··· Source data ···

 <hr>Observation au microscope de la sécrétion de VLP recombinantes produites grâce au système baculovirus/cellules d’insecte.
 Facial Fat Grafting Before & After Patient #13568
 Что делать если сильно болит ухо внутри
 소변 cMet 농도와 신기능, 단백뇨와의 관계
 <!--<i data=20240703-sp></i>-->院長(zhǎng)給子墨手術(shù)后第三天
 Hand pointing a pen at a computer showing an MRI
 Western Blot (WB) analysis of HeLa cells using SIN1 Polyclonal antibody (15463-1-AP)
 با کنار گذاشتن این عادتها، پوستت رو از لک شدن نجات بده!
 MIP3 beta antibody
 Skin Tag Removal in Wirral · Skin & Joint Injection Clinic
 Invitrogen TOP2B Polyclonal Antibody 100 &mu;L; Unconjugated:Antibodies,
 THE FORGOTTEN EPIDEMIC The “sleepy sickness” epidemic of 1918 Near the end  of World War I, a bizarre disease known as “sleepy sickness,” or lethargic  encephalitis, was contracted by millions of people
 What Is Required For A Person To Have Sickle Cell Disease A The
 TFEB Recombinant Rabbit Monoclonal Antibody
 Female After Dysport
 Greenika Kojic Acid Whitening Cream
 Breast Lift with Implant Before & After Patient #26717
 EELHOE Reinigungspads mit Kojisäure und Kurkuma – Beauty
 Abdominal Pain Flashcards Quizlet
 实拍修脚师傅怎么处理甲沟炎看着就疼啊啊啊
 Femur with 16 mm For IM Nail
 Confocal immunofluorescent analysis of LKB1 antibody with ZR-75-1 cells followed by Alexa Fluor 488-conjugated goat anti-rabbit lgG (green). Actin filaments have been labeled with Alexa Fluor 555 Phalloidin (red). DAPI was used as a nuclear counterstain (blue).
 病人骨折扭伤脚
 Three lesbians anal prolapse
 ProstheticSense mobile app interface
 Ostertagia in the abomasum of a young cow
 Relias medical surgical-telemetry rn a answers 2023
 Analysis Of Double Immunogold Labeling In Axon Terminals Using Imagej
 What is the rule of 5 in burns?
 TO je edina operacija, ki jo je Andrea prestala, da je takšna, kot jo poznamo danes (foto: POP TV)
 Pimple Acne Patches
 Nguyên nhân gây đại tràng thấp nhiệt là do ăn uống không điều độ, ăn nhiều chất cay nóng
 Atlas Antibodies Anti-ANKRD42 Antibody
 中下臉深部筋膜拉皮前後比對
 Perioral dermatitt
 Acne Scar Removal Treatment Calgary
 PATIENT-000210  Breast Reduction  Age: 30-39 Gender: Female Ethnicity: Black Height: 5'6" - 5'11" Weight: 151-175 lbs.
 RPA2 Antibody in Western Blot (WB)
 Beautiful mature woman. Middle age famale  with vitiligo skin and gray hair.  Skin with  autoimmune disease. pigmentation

···

● **Assignment**
Reproduce every entry exactly, with nothing added or dropped.

● **Answer for this exercise**
 <hr>Observation au microscope de la sécrétion de VLP recombinantes produites grâce au système baculovirus/cellules d’insecte.
 Facial Fat Grafting Before & After Patient #13568
 Что делать если сильно болит ухо внутри
 소변 cMet 농도와 신기능, 단백뇨와의 관계
 <!--<i data=20240703-sp></i>-->院長(zhǎng)給子墨手術(shù)后第三天
 Hand pointing a pen at a computer showing an MRI
 Western Blot (WB) analysis of HeLa cells using SIN1 Polyclonal antibody (15463-1-AP)
 با کنار گذاشتن این عادتها، پوستت رو از لک شدن نجات بده!
 MIP3 beta antibody
 Skin Tag Removal in Wirral · Skin & Joint Injection Clinic
 Invitrogen TOP2B Polyclonal Antibody 100 &mu;L; Unconjugated:Antibodies,
 THE FORGOTTEN EPIDEMIC The “sleepy sickness” epidemic of 1918 Near the end  of World War I, a bizarre disease known as “sleepy sickness,” or lethargic  encephalitis, was contracted by millions of people
 What Is Required For A Person To Have Sickle Cell Disease A The
 TFEB Recombinant Rabbit Monoclonal Antibody
 Female After Dysport
 Greenika Kojic Acid Whitening Cream
 Breast Lift with Implant Before & After Patient #26717
 EELHOE Reinigungspads mit Kojisäure und Kurkuma – Beauty
 Abdominal Pain Flashcards Quizlet
 实拍修脚师傅怎么处理甲沟炎看着就疼啊啊啊
 Femur with 16 mm For IM Nail
 Confocal immunofluorescent analysis of LKB1 antibody with ZR-75-1 cells followed by Alexa Fluor 488-conjugated goat anti-rabbit lgG (green). Actin filaments have been labeled with Alexa Fluor 555 Phalloidin (red). DAPI was used as a nuclear counterstain (blue).
 病人骨折扭伤脚
 Three lesbians anal prolapse
 ProstheticSense mobile app interface
 Ostertagia in the abomasum of a young cow
 Relias medical surgical-telemetry rn a answers 2023
 Analysis Of Double Immunogold Labeling In Axon Terminals Using Imagej
 What is the rule of 5 in burns?
 TO je edina operacija, ki jo je Andrea prestala, da je takšna, kot jo poznamo danes (foto: POP TV)
 Pimple Acne Patches
 Nguyên nhân gây đại tràng thấp nhiệt là do ăn uống không điều độ, ăn nhiều chất cay nóng
 Atlas Antibodies Anti-ANKRD42 Antibody
 中下臉深部筋膜拉皮前後比對
 Perioral dermatitt
 Acne Scar Removal Treatment Calgary
 PATIENT-000210  Breast Reduction  Age: 30-39 Gender: Female Ethnicity: Black Height: 5'6" - 5'11" Weight: 151-175 lbs.
 RPA2 Antibody in Western Blot (WB)
 Beautiful mature woman. Middle age famale  with vitiligo skin and gray hair.  Skin with  autoimmune disease. pigmentation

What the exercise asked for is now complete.